Though the band’s makeup has shifted somewhat over the years, at the heart of LOVE LOVE is Riordan’s & Toppin’s voices & writing. “Both have serious writing chops,” writes Jed Gottlieb of the Boston Herald, “but it’s when they tag team vocals that [they] shine brightest.” LOVE LOVE has also become known for their fun and unpredictable shows. Writes Jen Trynin, “LOVE LOVE creates beautiful music with swing and swagger and their show is full of humor and danger, all big plusses in my book!”
When not performing in support of Picture, LOVE LOVE has been hard at work in studios like Zippah Recording & BKitty, working on new material. The alt/indie ethos that has always guided Riordan’s & Toppin’s aesthetic is more mature these days, but it is still there, producing better results than ever.
“Rick Berlin is a giant on the Boston music scene. His colorful songwriting and strong stage presence have influenced countless other artists since the early 1970s, when his innovative band Orchestra Luna harnessed a potent blend of theater and music years before the Tubes. Throughout the decades and the shifting fortunes of the business Rick has continued to make music with intelligence and integrity, building an international reputation around his knotty, singular piano playing, straight-from-the-heart singing and a style of character-based songwriting that’s drawn favorable comparisons to the likes of Tom Waits and Leonard Cohen— although Rick rocks more than both. . . . Rick’s still busy creating. . . . Rick with The Nickel & Dime Band’s Always on Insane (2012) When We Were Kids (2014) is with a full, intense, rocking 8-piece band.”
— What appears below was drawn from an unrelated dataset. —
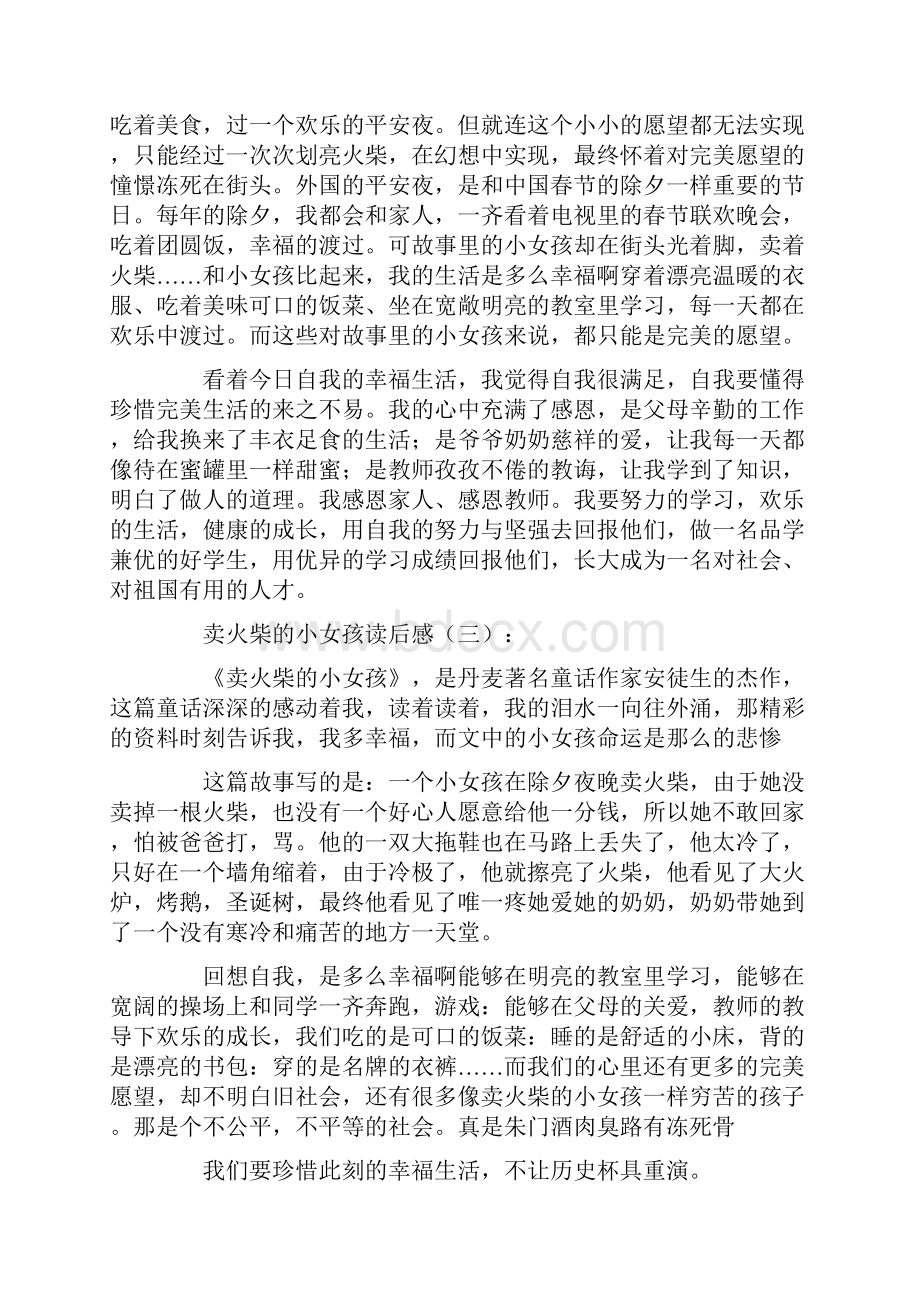 卖火柴的小女孩读后感30篇.docx_第2页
As requested by my Episcopal Academy classmates about my 'world' for a 1963 Class reunion:
Love my job as a waiter at Doyle’s Café in Jamaica Plain. It’s weird. After all the money my parents spent on college and on EA. Plus a full scholarship to the Yale Drama School and the Yale Architecture School—neither of which ‘did it’ for me, and both of which I ultimately declined. Now I wait tables. Never the same night twice. I finally consider myself to be primarily an artist—a songwriter who is good at his craft, is original, whose songs tell the truth emotionally and reach people in their hearts. I’m lucky to have this sublimating resource. This is not a weekend warrior fantasy, it is more than anything else who I am. I’m not a success. I’ve made no CEO any $ from my work, but I am good at it—convincing. I love every aspect of the work.
photo: Evan Scales
photo: Evan Scales
There’s been too many bands to count, but I’d say my favorite of all is The Nickel & Dime Band. There’s 8 of us, and among them is my nephew, Sam (trombone) which is remarkable since his mom, my sister Lisa was in my very first band, Orchestra Luna.
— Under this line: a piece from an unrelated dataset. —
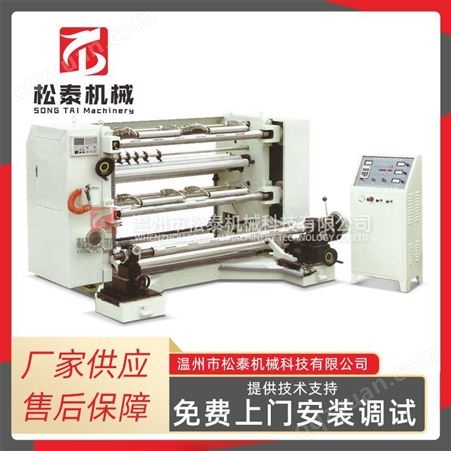 松泰机械全自动立式分切机 无纺布铝箔分切机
I also started and stopped an unfinished documentary about Jamaica Plain (where I’ve lived on an off for the last 30 years). Shot and I edited over 60 interviews with people of all ages and stripes in this most diverse and progressive neighborhood.” Many of these, as well as countless music videos, can be seen on YouTube.
Lastly I’d mention that I’m among a group of us here in the hood that have started and continue to present annually the Jamaica Plain Music Festival, which features 20+ bands and performers, all of whom must include artists who live and/or work here in JP.”
Mostly who I am is in the songs I’ve written. And those essentially derive from my feelings and observations about those I care about. Boys, family, encounters, etc. I think I’ve become, to a certain extent, unaware of me—the résumé of where I’ve been and what I’ve done. But I never forget whom I’ve loved. Their face. The sound of their voice. How they’d argue. The fault lines where we were unable to connect.
Afraid of death?
I love life. I hope death doesn’t hurt. I hope I’m not kept on tubes and pills when near The End. I hope I’m in some sort of home hospice with as many of those I love and have loved around as can stand to be around me. I don’t think I’m scared of leaving, but like Woody Allen says: “I’m not afraid of death, I just don’t wanna be there when it happens.”